If the only library that satisfies a particular ABI is GPL, then all
binaries that use that library must be GPL-compatible, period.  If you
have a library you haven't released that exports the same ABI, and you
want to release your binary, you must either release your library as
well or license the binary under GPL-compatible terms.

The idea is that, as distributed, the licensing terms are compatible
with each other.  It doesn't really matter what's possible; what matters
is what you actually distribute.  The existence of an ABI-compatible
library that's not GPL doesn't matter if you distribute the GPLed one
with your binary.

> Even if it *is* considered a derivative work, there's a provision in
> the GPL to allow linking with "standard" binary-only libraries like a
> vendor libc:
> # However, as a
> # special exception, the source code distributed need not include
> # anything that is normally distributed (in either source or binary
> # form) with the major components (compiler, kernel, and so on) of the
> # operating system on which the executable runs, unless that component
> # itself accompanies the executable.
> I believe that interpreter run-time libraries *that normally come with the
> interpreter*, including a lot of Java libraries, clearly fall into this
> category.  The interpreter is the (virtual) machine and operating system
> on which the executable runs, and the run-time is obviously a major
> component normally distributed with it.

That may or may not be the case.  For Java it is, since Java is
distributed with Solaris and some older versions of Windows.  For most
free interpreters, it is because it's part of Debian or some other Linux

The problem is that the interpreter is not assumed to be a part of the
OS, and isn't defined to be an OS in its own right.  So, an interpreter
can be counted as "part of the OS" only if it actually is.  No
interpreter falls into this category just by virtue of being an

> However, you don't want to use this in Debian, because of the uncertainty
> surrounding the word "accompanies".  This is obviously a more inclusive
> term than "derivative work", and we need a definition that is consistent
> with the earlier use in the same section for "accompanying" the binary
> with the machine-readable source code.  Unfortunately, the GNU GPL
> doesn't define it, so we have to look to the dictionary and common
> practice for guidelines.
> Certainly, "mere aggregation on a volume of a storage or distribution
> medium" *does* count as "accompanying", because that's usually how the
> obligation to provide "accompanying" source is usually met.  Indeed,
> putting it on a separate CD in the same bundle, or on the same FTP
> server is standard practice for "accompanying".
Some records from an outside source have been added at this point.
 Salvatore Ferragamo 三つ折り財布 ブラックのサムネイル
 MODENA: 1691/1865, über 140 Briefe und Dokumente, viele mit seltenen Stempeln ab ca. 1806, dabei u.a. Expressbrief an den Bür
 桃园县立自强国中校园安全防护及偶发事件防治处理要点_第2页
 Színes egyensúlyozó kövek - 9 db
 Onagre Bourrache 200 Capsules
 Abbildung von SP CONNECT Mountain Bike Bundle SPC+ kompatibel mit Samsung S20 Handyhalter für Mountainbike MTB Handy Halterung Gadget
Mere aggregation is explicitly mentioned as an exception, so it's
clearly OK.  See section 2 of the GPL, last paragraph.

No link, no foul.

> But then there are interesting issues.  What about separate directories
> on the same FTP or web server?  What if the proprietary code is
> in http://www.miskatonic.edu/~billg and the GPL-ed software is
> in http://www.miskatonic.edu/~rms?
> What about separate virtual servers sharing the same physical hard drive?
> What if they're separately sold CDs sold in the same store?  What if a
> customer buys them both and puts them in the same plastic bag?  What if
> he copies them to the same hard drive?  What if the store has a combo
> discount offer?  What if the clerks helpfully rubber-band the combo
> together for the convenience of the customers?

Again, "mere aggregation" is granted an explicit exemption, so all of
these are OK.

> The general idea appears to be to prevent a proprietary "major component"
> vendor abusing the exception, but it leads to a lot of problems for
> large distributions such as Debian or even a typical shovelware CD.

Well, I won't dispute that there are problems.  It seems, however, that
most of the problems that arise amount to upstream authors not
explicitly spelling out their real wishes in their licenses.  In some
cases, it would seem that the authors themselves don't really know what
their wishes are.  Some are even violently opposed to the idea that they
must state their wishes clearly.

Of course, not all upstream authors are that way.  Thank goodness!